Tuesday, February 8, 2005

Everything you wanted to know about the upcoming book "The Anthology at the end of the Universe"

US independent publisher BenBella Books is going to publish at the end of april a book called "the anthology at the end of the Universe", a collection of essays about The Hitchhiker's Guide to the Galaxy. You can already pre-order this book on Amazon.com


Nicolas Botti : what is the philosophy beyond "the anthology..."

Glenn Yefeth : The philosophy behind “The Anthology at the End of the Universe” is to create a book about the Hitchhikers series that is as smart and insightful as the conversations that fans have among themselves. Many of science fiction’s greats are big fans of the works, and this series is their chance to discuss any aspect of the work that caught their fancy. The essays are primarily by science fiction and fantasy authors, but we have a few other types – computer scientists, psychologists, humor expert – thrown in for good measure. The essays range from hilarious to insightful to moving (a few are all three).

The book is completely unauthorized, and is a work of literary criticism, so contributors are free to criticize as well as celebrate Hitchhikers. But the tone overall is very much of celebration.
I can say that the volume is coming together brilliantly. Here are some of the highlights:
Cory Doctorow on the Wikipedia as the genuine Hitchhiker’s Guide

Jacqueline Carey on Hitchhikers, British humor, and a personal story on her time in London
Lawrence Watt-Evans’s very funny essay on Vogon poetry, and the history of the truly inept in art
Stephen Baxter on the use of science fiction tropes in Hitchikers

Don DeBrandt, writing an hysterical essay that only he can describe: "I intend to prove that God not only exists in Adams' universe, but identify who he is, explain what his plans are, and reveal once and for all why he seems to be obsessed with fish. The explanation I've cleverly worked out involves time-travel, the Sirius Cybernetics Corporation, Eddies in the space-time continuum and how he got there. The number forty-two turns out to be surprisingly relevant in a very real way, not so much as an answer but as a way of pointing out interesting questions....Oh yes, and Marvin turns out to be Christ."

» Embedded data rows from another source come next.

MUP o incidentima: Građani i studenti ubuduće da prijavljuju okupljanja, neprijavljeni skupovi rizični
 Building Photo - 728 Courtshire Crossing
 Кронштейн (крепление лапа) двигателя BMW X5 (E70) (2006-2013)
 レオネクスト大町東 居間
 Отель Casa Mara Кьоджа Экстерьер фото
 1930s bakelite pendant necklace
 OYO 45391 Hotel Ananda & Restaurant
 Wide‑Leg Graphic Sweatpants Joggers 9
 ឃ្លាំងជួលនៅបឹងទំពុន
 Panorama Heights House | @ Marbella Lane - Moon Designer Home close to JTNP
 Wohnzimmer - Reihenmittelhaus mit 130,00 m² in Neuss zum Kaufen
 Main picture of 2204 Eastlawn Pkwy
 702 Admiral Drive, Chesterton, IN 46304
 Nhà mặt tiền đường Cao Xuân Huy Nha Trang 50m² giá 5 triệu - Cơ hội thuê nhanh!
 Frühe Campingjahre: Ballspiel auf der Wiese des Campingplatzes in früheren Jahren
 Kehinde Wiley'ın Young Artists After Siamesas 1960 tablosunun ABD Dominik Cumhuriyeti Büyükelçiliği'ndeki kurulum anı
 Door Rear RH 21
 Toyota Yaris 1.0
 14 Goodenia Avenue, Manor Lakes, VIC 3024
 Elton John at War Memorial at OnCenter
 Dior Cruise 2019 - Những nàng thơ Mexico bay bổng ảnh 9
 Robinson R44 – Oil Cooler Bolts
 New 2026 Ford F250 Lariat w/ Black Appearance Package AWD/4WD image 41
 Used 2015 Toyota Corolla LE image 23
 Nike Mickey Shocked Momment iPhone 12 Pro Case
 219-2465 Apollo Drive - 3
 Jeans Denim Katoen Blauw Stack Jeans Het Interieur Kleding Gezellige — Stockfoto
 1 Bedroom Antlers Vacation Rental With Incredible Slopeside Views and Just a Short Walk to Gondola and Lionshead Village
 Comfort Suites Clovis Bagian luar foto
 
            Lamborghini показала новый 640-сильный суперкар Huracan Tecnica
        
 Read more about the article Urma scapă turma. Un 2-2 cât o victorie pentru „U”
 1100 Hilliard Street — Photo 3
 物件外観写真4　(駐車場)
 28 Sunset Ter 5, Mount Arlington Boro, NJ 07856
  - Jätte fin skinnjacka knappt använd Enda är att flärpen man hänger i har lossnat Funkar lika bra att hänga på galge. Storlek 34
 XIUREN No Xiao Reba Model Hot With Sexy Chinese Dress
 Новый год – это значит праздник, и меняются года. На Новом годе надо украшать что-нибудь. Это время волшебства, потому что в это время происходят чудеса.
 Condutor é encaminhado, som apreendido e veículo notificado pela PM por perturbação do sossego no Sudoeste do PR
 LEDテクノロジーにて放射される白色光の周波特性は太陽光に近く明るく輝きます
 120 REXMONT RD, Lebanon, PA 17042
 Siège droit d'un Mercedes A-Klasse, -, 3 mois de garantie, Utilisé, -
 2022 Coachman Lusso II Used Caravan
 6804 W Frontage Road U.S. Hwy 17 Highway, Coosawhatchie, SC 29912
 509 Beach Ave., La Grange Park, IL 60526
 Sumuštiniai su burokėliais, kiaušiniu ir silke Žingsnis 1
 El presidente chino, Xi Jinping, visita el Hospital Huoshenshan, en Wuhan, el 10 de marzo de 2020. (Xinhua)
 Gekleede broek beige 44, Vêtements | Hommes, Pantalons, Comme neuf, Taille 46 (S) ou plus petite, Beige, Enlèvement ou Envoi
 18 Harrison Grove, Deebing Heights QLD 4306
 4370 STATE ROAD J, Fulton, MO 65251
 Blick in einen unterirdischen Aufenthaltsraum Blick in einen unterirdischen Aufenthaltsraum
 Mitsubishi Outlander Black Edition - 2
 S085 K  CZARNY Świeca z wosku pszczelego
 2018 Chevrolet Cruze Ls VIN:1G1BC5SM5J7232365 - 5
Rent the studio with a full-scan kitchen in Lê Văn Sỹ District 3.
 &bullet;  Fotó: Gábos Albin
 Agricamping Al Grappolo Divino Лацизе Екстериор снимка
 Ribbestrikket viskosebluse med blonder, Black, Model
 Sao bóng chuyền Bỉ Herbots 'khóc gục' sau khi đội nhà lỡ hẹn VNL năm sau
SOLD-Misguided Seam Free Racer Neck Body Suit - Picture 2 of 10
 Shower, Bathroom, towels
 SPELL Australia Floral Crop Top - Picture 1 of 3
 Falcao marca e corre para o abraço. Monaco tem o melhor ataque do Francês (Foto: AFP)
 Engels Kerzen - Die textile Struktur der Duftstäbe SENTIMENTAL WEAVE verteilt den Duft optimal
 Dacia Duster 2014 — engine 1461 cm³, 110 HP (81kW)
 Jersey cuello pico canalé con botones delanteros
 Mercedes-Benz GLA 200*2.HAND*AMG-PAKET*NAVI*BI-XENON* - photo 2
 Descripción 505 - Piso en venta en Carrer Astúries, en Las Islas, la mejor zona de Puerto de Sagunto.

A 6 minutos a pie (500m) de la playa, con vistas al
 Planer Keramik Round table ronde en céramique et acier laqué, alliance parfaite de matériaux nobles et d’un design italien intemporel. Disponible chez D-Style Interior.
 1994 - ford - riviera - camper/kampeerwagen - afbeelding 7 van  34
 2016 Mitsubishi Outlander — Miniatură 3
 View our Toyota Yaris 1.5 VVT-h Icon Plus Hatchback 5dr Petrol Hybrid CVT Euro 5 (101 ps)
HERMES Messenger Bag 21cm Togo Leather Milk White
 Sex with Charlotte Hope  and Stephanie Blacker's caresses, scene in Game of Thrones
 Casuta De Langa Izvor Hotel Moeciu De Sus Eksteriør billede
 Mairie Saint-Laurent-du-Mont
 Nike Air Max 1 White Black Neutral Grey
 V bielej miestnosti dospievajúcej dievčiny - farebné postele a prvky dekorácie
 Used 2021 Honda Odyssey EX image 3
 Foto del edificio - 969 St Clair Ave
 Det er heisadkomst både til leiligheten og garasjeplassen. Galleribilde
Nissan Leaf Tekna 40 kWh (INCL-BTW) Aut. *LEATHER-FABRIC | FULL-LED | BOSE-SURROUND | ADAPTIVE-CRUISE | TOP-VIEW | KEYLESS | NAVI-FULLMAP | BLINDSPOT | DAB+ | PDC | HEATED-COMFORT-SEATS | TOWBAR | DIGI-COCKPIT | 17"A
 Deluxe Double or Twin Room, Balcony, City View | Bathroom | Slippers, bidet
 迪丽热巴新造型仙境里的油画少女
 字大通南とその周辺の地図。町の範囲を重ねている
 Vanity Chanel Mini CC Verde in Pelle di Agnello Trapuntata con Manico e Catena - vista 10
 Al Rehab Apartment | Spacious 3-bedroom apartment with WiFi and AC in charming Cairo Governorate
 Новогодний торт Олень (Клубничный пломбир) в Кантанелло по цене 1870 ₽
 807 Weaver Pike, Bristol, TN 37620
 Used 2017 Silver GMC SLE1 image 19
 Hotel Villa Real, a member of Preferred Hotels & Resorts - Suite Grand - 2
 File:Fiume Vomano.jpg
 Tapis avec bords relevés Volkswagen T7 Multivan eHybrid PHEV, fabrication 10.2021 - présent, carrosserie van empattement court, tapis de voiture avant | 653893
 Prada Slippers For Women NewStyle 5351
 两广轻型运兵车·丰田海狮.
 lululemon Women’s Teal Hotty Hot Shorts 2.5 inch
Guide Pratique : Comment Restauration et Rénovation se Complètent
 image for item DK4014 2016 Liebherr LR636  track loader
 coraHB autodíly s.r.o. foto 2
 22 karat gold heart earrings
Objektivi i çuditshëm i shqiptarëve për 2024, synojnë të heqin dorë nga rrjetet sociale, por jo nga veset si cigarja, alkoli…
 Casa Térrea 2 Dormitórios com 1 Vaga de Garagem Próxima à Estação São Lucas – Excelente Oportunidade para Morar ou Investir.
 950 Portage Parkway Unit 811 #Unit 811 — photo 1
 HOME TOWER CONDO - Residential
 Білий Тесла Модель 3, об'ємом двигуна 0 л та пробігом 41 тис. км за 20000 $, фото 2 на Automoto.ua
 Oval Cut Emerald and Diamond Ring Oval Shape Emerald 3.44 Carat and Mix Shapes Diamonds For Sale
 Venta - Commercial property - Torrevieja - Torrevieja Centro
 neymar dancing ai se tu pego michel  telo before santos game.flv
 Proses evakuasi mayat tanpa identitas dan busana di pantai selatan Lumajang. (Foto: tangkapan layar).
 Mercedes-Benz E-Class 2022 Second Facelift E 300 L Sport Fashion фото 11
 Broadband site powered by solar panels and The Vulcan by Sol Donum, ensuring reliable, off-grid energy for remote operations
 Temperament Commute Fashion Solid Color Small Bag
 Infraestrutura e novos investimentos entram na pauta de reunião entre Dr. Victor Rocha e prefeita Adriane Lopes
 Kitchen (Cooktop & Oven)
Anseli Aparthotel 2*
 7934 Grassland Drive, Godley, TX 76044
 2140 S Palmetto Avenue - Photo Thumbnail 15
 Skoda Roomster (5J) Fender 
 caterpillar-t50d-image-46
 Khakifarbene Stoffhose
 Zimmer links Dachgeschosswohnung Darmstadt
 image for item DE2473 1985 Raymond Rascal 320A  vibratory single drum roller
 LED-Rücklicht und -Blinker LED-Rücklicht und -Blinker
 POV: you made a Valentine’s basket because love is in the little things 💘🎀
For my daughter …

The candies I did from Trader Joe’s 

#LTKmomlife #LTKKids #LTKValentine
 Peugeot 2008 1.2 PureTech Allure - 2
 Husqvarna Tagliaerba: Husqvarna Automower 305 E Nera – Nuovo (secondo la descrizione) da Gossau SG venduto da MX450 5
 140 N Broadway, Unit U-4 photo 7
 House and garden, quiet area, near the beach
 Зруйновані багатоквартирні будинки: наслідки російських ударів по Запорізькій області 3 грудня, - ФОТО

If you can't actually wait for the essay, I suppose I can reveal now that God is the Hitchhiker's Guide itself--the Mark Two, which not only claimed to be omniscient and omnipotent, but actually is. How it got to be that way and why the universe is so screwed up is more complicated, but it has to do with the Restaurant at the End of the Universe, Vogons, and a robot in love with herring sandwiches.
Mike Byrne (psychologist and expert on human factors) writing a very funny and insightful essay on Adam’s brilliant foresight into the future of computer design (and mis-design)

Adam Roberts (SF author and literature professor at the University of London) writing a brilliant essay that combines humor deconstruction, philosophy, and 42, and finally answers that pesky question about the meaning of life

NB : Can you tell us more about Benbellabooks?

GY : BenBella Books is an independent press based in Dallas. BenBella Books, among other things, develops a non-fiction anthology series called "smart pop." This series takes a smart, fun, but thoroughly non-academic look at pop culture topics - usually film, television or books. Books that we've published or are developing include works on The Matrix, Buffy, Stargate, War of the Worlds, and NYPD Blue. Depending on the topic, our contributors include scientists, philosophers, religious scholars, psychologists and, of course, science fiction writers. Some of our anthologies (e.g. Seven Seasons of Buffy) are almost entirely made up of contributions from SF writers. Science fiction writers that have agreed to participate in Smart Pop books so far include Robert Charles Wilson, Robert Silverberg, Chelsea Quinn Yarbro, Jacqueline Carey, David Gerrold, Rob Sawyer, Charlaine Harris, David Brin, Cory Doctorow, Misty Lackey, Michelle West, Lawrence Watt-Evans, and Tanya Huff. These books, so far, have all done very well. Our first smart pop book, for example, was the best-selling Taking the Red Pill: Science, Philosophy and Religion in The Matrix. Red Pill includes essays from computer scientist and entrepreneur Ray Kurzweil, Yale philosopher Nick Bostrom, science fiction author Robert J. Sawyer, Buddhist scholar Jay Ford, Sun Chief Scientist Bill Joy and other notables. Red Pill has gotten mentions in The New Yorker, Premiere, The Christian Science Monitor, The New York Post, The San Francisco Chronicle, and dozens of other publications. I’ve left out a lot, including Selina Rosen’s essay on the Hitchhiker’s Guide as religious text, Adam Troy-Castro’s essay on the two-guys-in-a-spaceship stories, etc. But I’ll get you the complete list when it’s ready.

NB : When did you get the idea of this book and why?

GY : I always thought that Hitchhikers would be a great smart pop book, but when I heard that the movie was coming out I wanted to make sure I got the book out in time for the movie.
NB : When did you discover douglas adams’ work?

GY : I first read the books (at least some of them) years ago. I always thought they were among the smartest, funniest books in science fiction. Unlike many books I loved when I was younger, I found that these books were as strong on re-reading as they were when I first fell in love with them.

NB : How did you chose the contributors?

GY : I started with leaders in the science fiction field, folks like Jacqueline Carey, and Stephen Baxter, added some science fiction authors that I knew from other anthologies were first rate essayists, and threw in a computer scientist and psychologist for good measure!